Purchase Obligations – As of June 30, 2015 the Company had purchase obligations in the amount of $14.1 million compared to $7.9 million as of September 30, 2014. These purchase obligations consist of outstanding purchase orders for goods and services. While the amount represents purchase agreements, the actual amounts to be paid may be less if any agreements are renegotiated, canceled or terminated.

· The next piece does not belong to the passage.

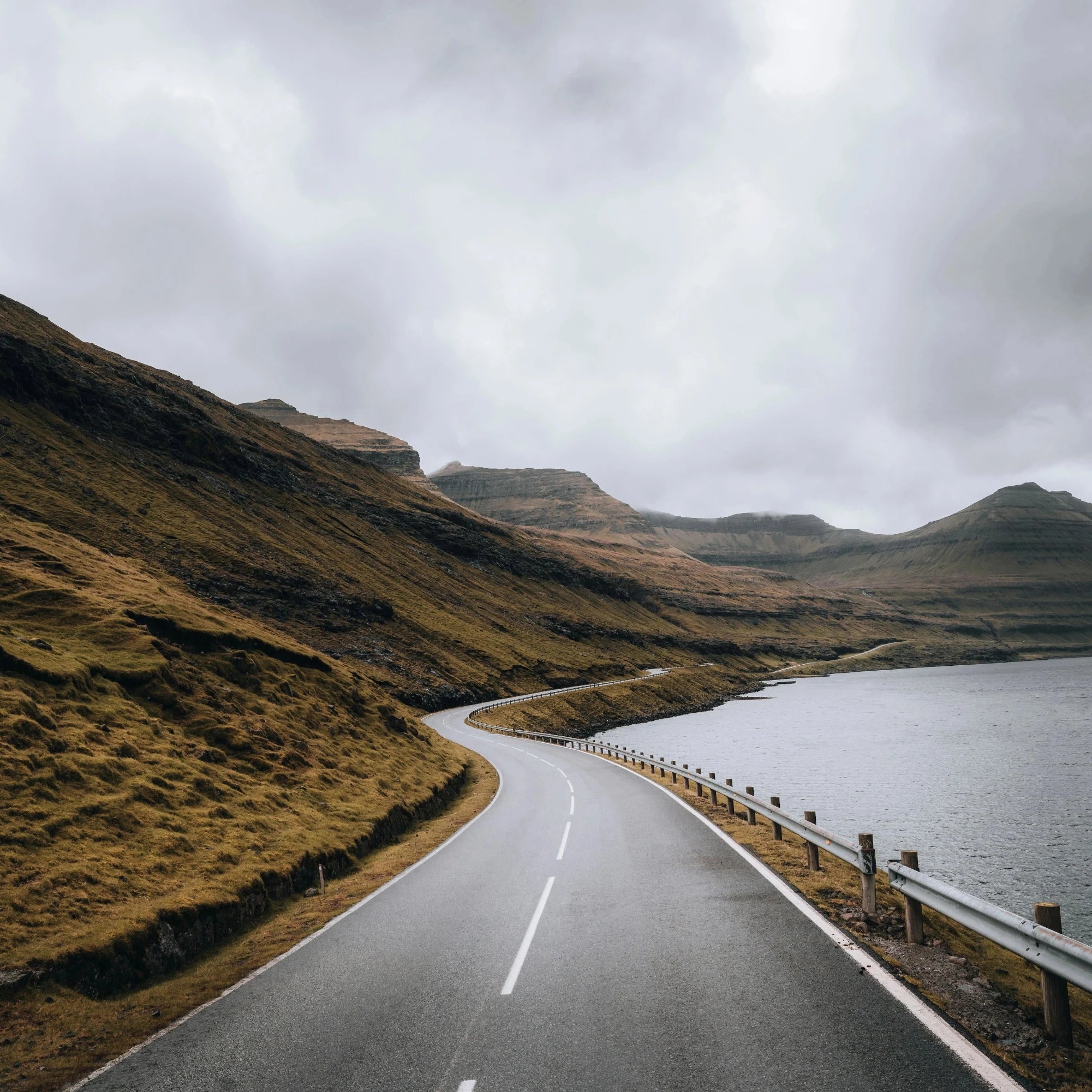 Route d'Ecosse entre un lac et la montagne, détente, relax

Development projects – In fiscal 2014, Tempress Systems, Inc. ("Tempress") entered into an agreement with the Energy Research Centre of the Netherlands ("ECN"), a Netherlands government sponsored research institute, for a joint research and development project. Under the terms of the agreement, Tempress sold an ion implanter ("Equipment") to ECN for $1.4 million. Both Tempress and ECN are performing research and development projects utilizing the Equipment at the ECN facilities. Each party to the agreement will have 100% rights to the results of the projects developed separately by the individual parties. Any results co-developed will be jointly owned. Over the four-year period of the agreement, Tempress is required to contribute $1.4 million to the project in the form of installation of the Equipment, acceptance testing, project meeting attendance, training, parts, and service, including keeping the equipment in good condition and repair for the first two years of the agreement.

In 2013, Shanghai Kingstone Semiconductor Company Ltd. ("Kingstone") entered into an agreement with certain government agencies in Shanghai, China for the purpose of developing ion implant technology for non-solar applications. Kingstone has substantially completed the first phase of this development project and received $4.1 million of grant funds for the project. Kingstone is investigating options for securing $6.1 million of its commitment to the project. Amtech owns 55% of Kingstone Technology Hong Kong Limited, which owns 100% of Kingstone. Amtech has no obligation or plan to fund Kingstone's commitments under this agreement.
EPA Accrual - As a result of the merger with BTU, the Company assumed BTU’s proportional responsibility for clean-up costs at a Superfund site. As an equipment manufacturer, BTU generated and disposed of small quantities of solid waste that were considered hazardous under Environment Protection Agency (“EPA”) regulations. Because BTU historically used a waste disposal firm that disposed of the solid waste at a site that the EPA designated as a Superfund site, BTU was named by the EPA as one of the entities responsible for a portion of the expected clean-up costs. Based on the Company's proportional responsibility, as negotiated with and agreed to by the EPA, the Company's liability related to this matter is $0.2 million. As of June 30, 2015, the remaining liability is $0.1 million, which is included in Other Accrued Liabilities on the Condensed Consolidated Balance Sheet as of June 30, 2015. In 2009, in accordance with the agreement, the Company established a letter of credit for $0.2 million to the benefit of the EPA for potential cash payments as settlements for the Company’s proportional liability.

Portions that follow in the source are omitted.